Im making myself a progtam on processing to commu icate with my arduino and all is well so far,
however I was wondering if there is a way that the arduino can check if an output is currently set to high or low
I imagine one could just read the port registers but that's a bit complex for me with all the port numbers and bitwise manipulation especially since I have a mega and the ports are allspread over the registers , is there a simpler command or library that isn't too large that can accomplish this?
The only way that a pin gets set HIGH or LOW is because the Arduino set it. It can remember that...
Is there a way to do that without storing the status yourself tho? Im not sure if it'd work but could I do something like?
Pinstatus = PORTA & 1;
I've never actually used port acces so idk if its like a variable that can be written/read or a command that executes on the byte given to it
Ok so I searched a bit and I see that it can be read, but is there a library or easy way to do it?
or easy way to do it?
Yes there is. Re-read reply #1.
Ok I get that it can, but how? The program that is communicating with it doesn't know and I need to send it something saying the status of an output
How does the arduino remember?
How does the arduino remember?
The Arduino does whatever you tell it to do. If you create an array of pin states, and set the pin to match the value you have stored in that array, then when you need the pin state, it is in the array.

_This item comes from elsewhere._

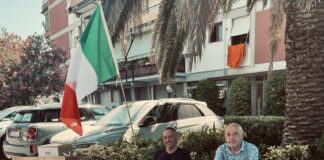 Il M5S Massa Continua la Sua Presenza nelle Piazze: Tre Raccolte Firme per Cambiare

int pinStates[20]; // Because there are 20 pins on the Deumilove/UNO.
// If you have more, make this larger
Use this array to store the values of input pins, too. Set the value to -1 if the value is not supposed to be changed by the Arduino (pins 0 and 1, for instance, since they are the serial pins) or the external application. You can even store the value for the analog pins in this array.
That would be fine normally but what iffor a library changes a output? How would I know it was changed with just code?